EXTRACTED DATA

^^^^

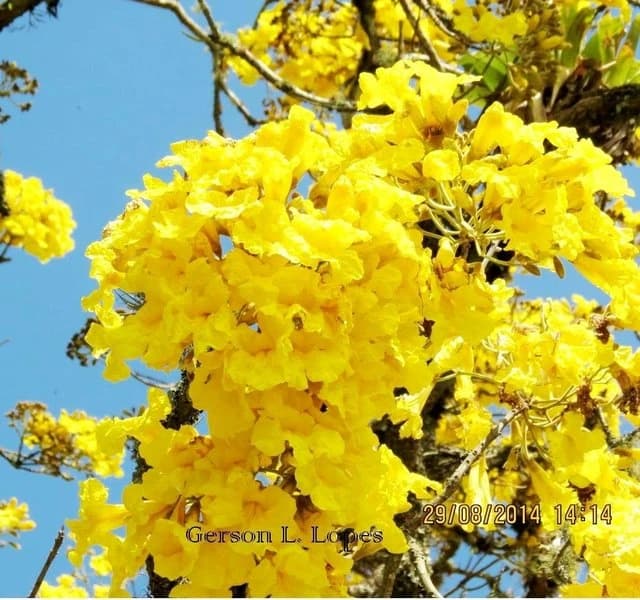 Flor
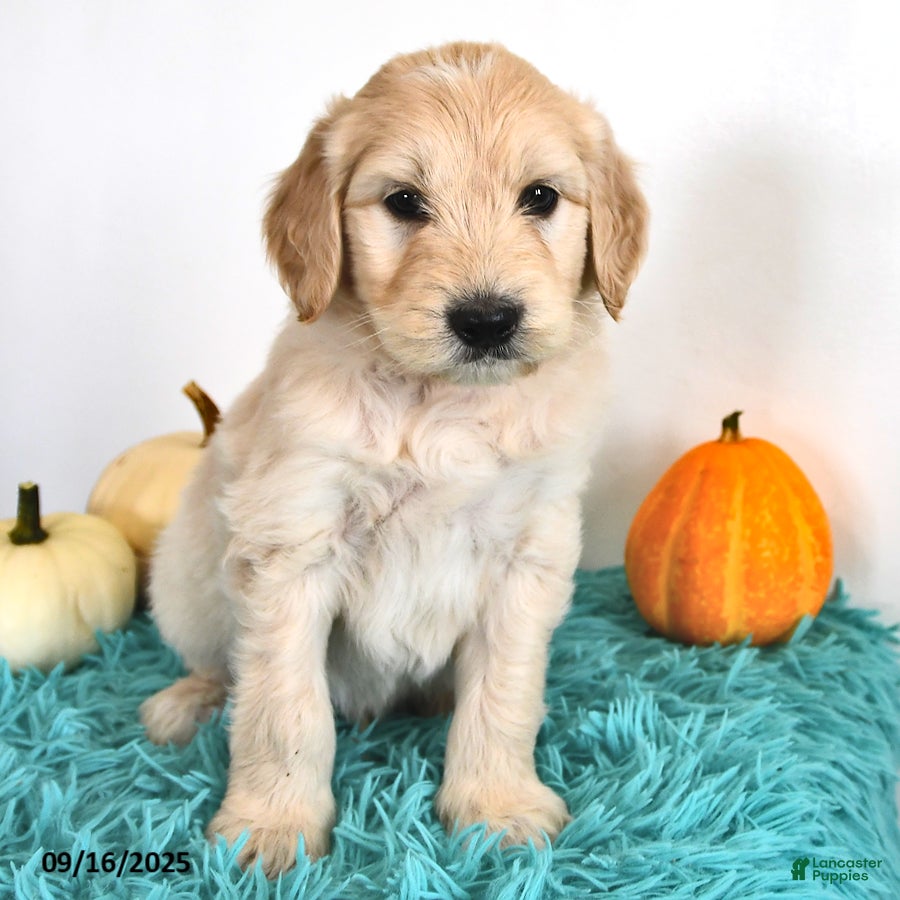 Goldendoodle Puppies for sale in New York Lancaster Puppies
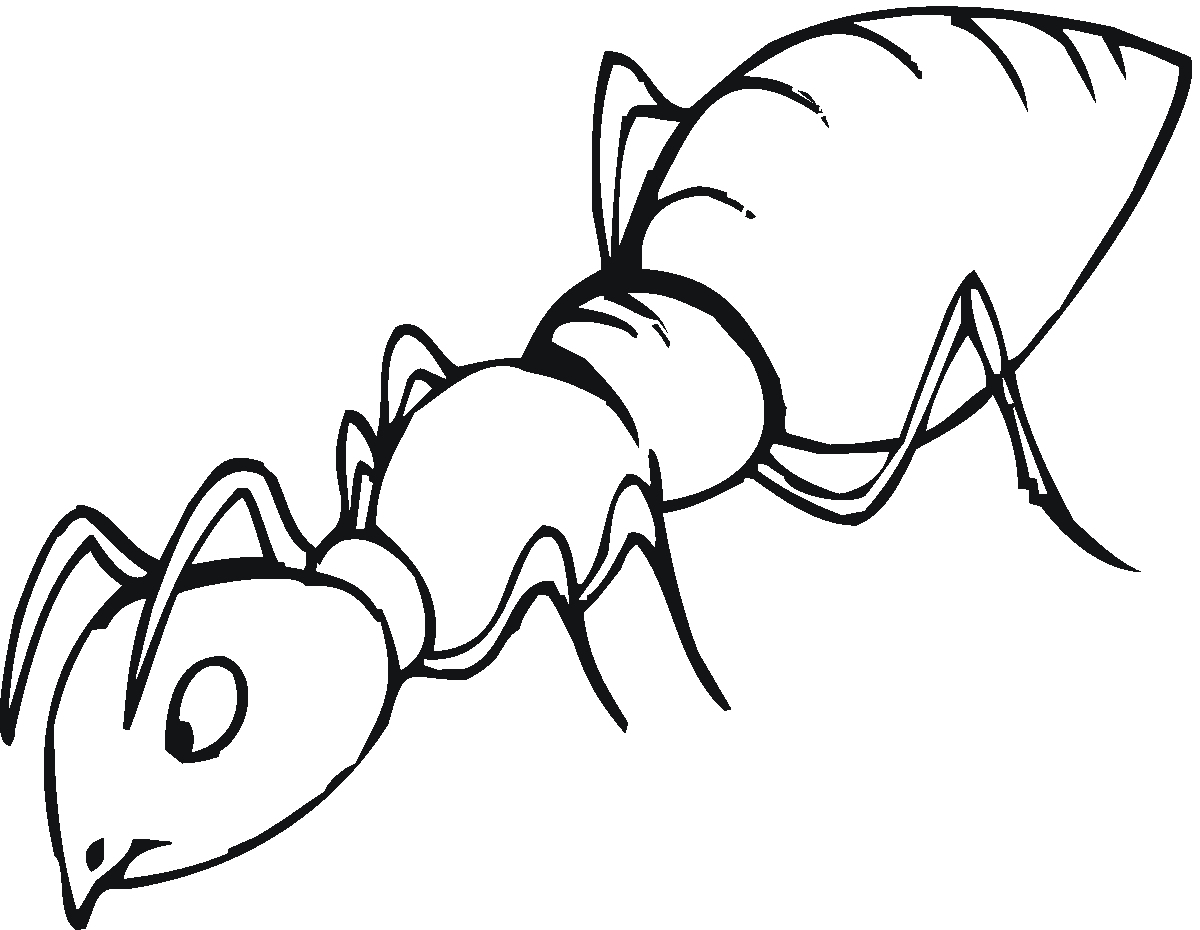 ant face coloring pages to print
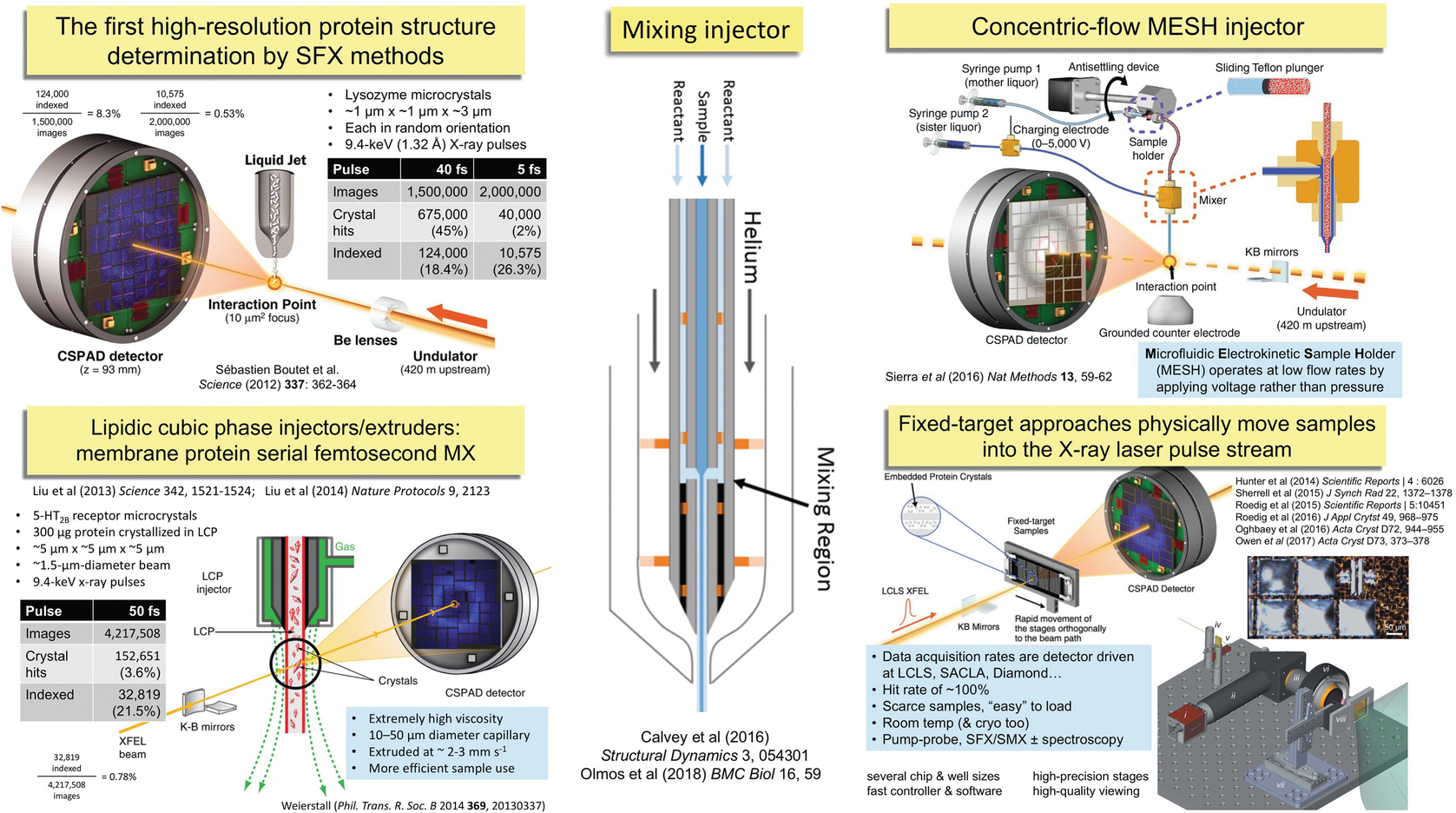 Figure 2 | Dynamic Structural Biology Experiments at XFEL or Synchrotron  Sources | SpringerLink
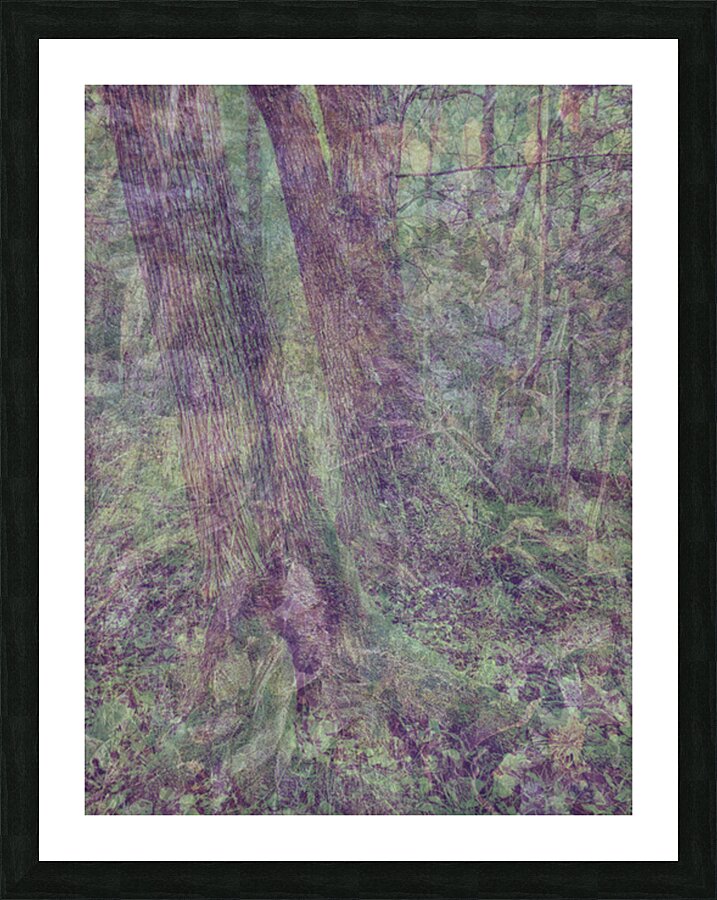 2443095 :: Framed Print
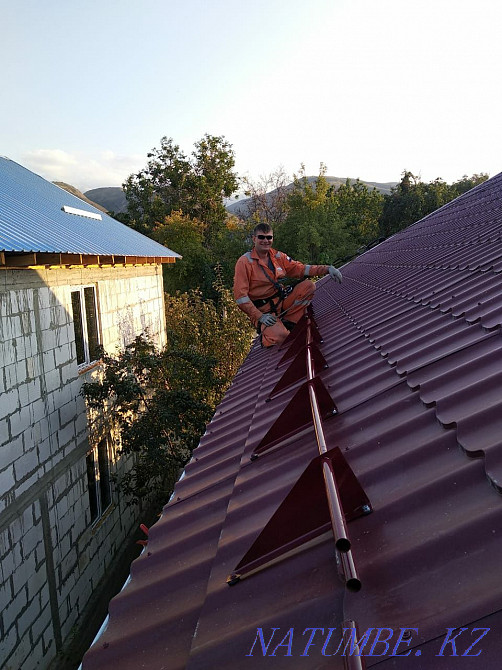 Cut trees of any complexity. Master for an hour Almaty - photo 3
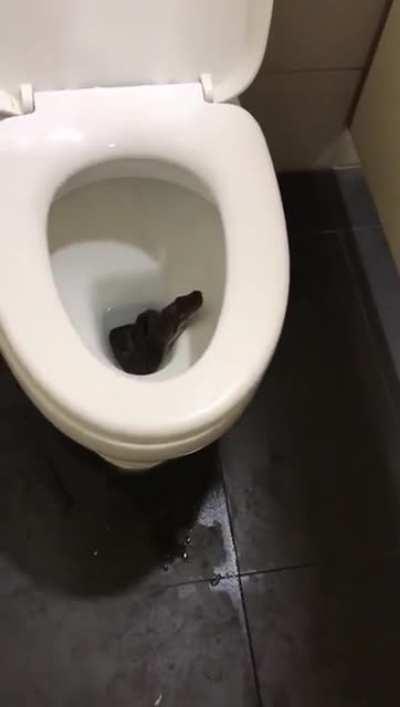 and it disappears like it was never there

^^^^

TASK ITEM
Reproduce each entry above word for word. Pictures are not part of the copy.

EXERCISE SOLUTION
 Flor
 Goldendoodle Puppies for sale in New York Lancaster Puppies
 ant face coloring pages to print
 Figure 2 | Dynamic Structural Biology Experiments at XFEL or Synchrotron  Sources | SpringerLink
 2443095 :: Framed Print
 Cut trees of any complexity. Master for an hour Almaty - photo 3
 and it disappears like it was never there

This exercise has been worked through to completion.